(Exercise aim): Everything in the listing below should be written out again exactly, except the pictures.

============================================================

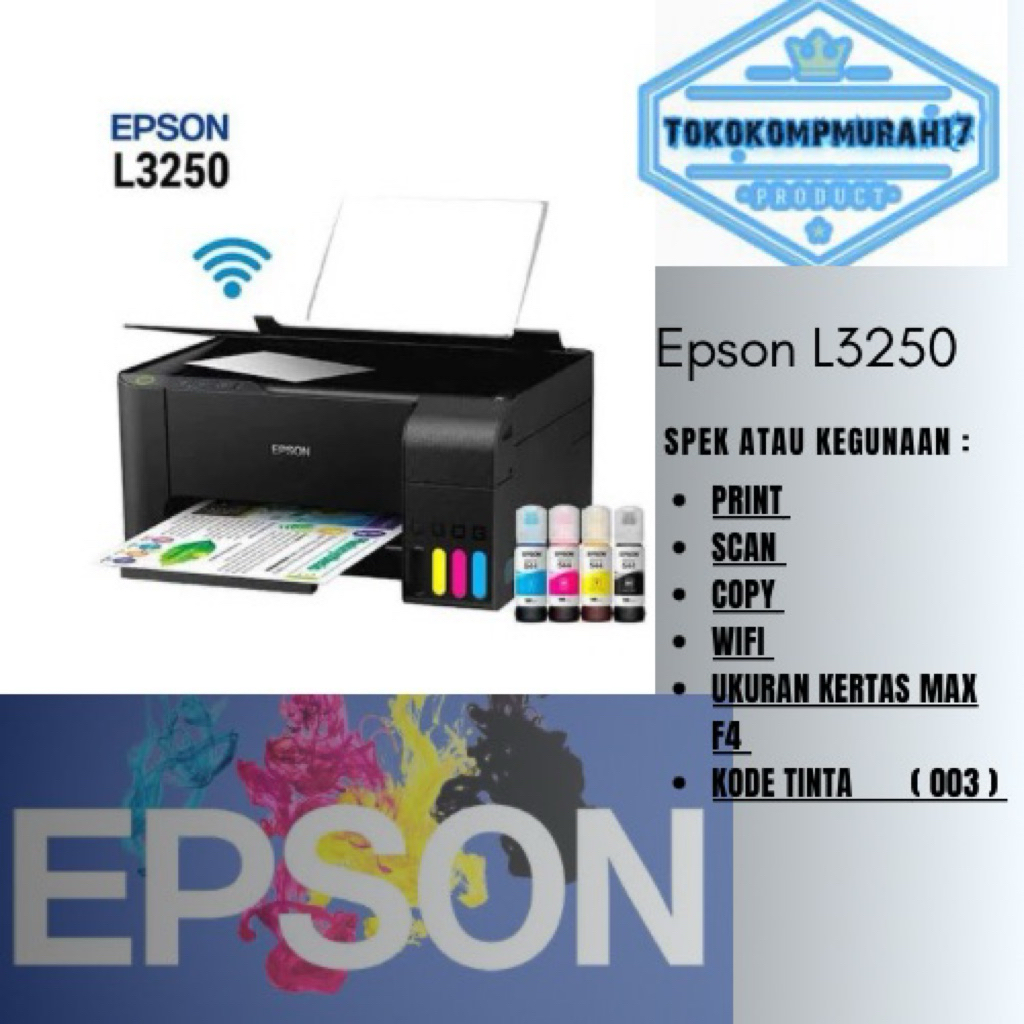Printer Epson L3250 Wifi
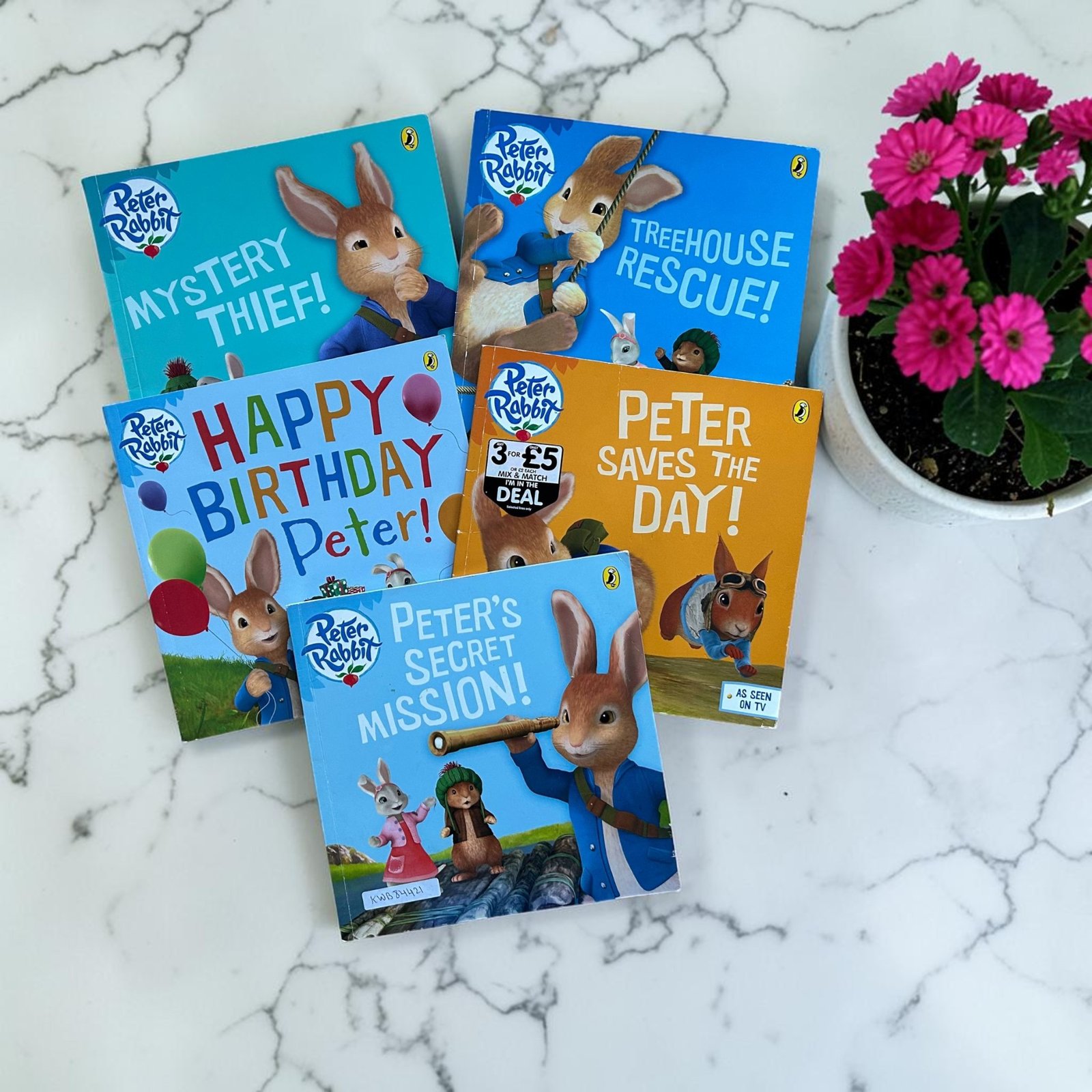 Peter Rabbit_Set Of 5 Books_Puffin_KWB84421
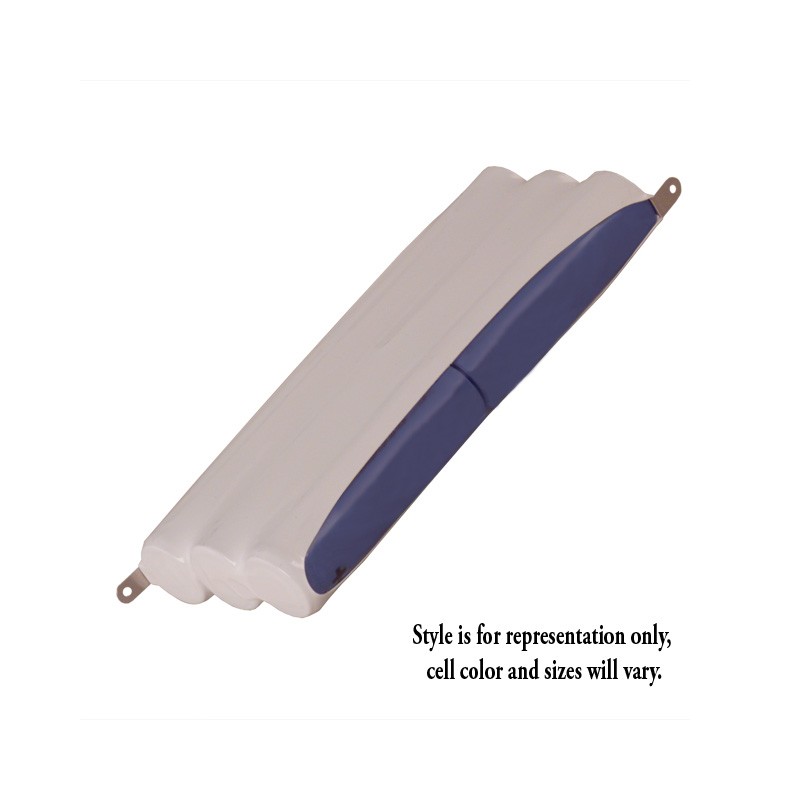 1 pcs : LR14XWA/BL2X3 - C 9 V Alkaline Manganese Dioxide Battery Pack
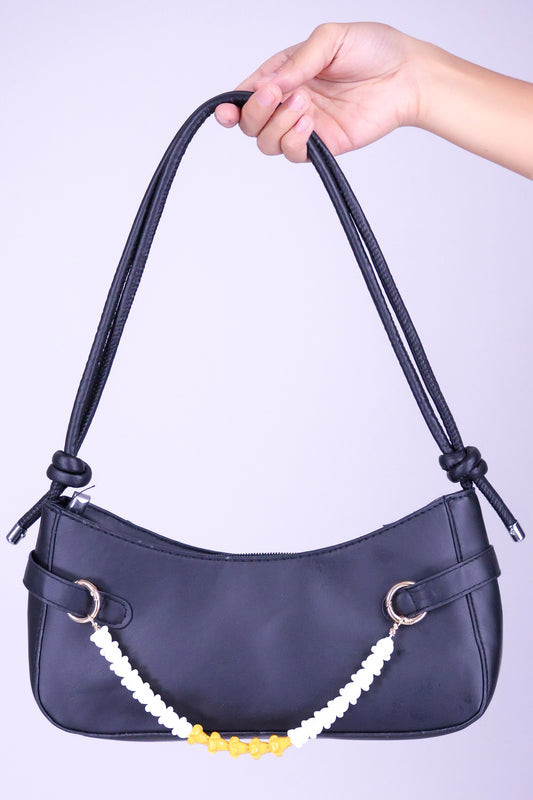 PUAKENIKENI CROWN FLOWE BAG CHARM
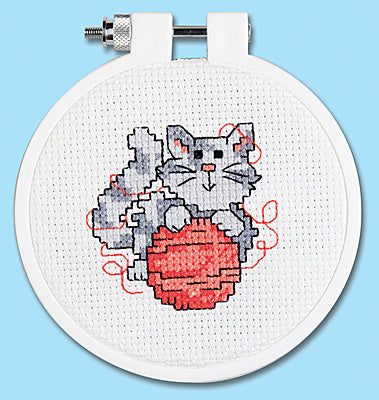Kitty Kids Stitch Kit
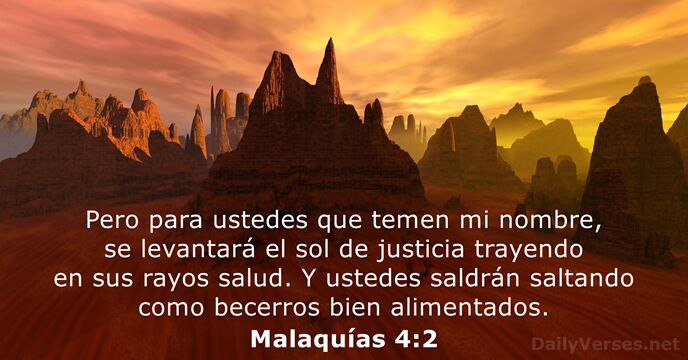 Malaquías 4:2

============================================================

(Task result):
Printer Epson L3250 Wifi
 Peter Rabbit_Set Of 5 Books_Puffin_KWB84421
 1 pcs : LR14XWA/BL2X3 - C 9 V Alkaline Manganese Dioxide Battery Pack
 PUAKENIKENI CROWN FLOWE BAG CHARM
Kitty Kids Stitch Kit
 Malaquías 4:2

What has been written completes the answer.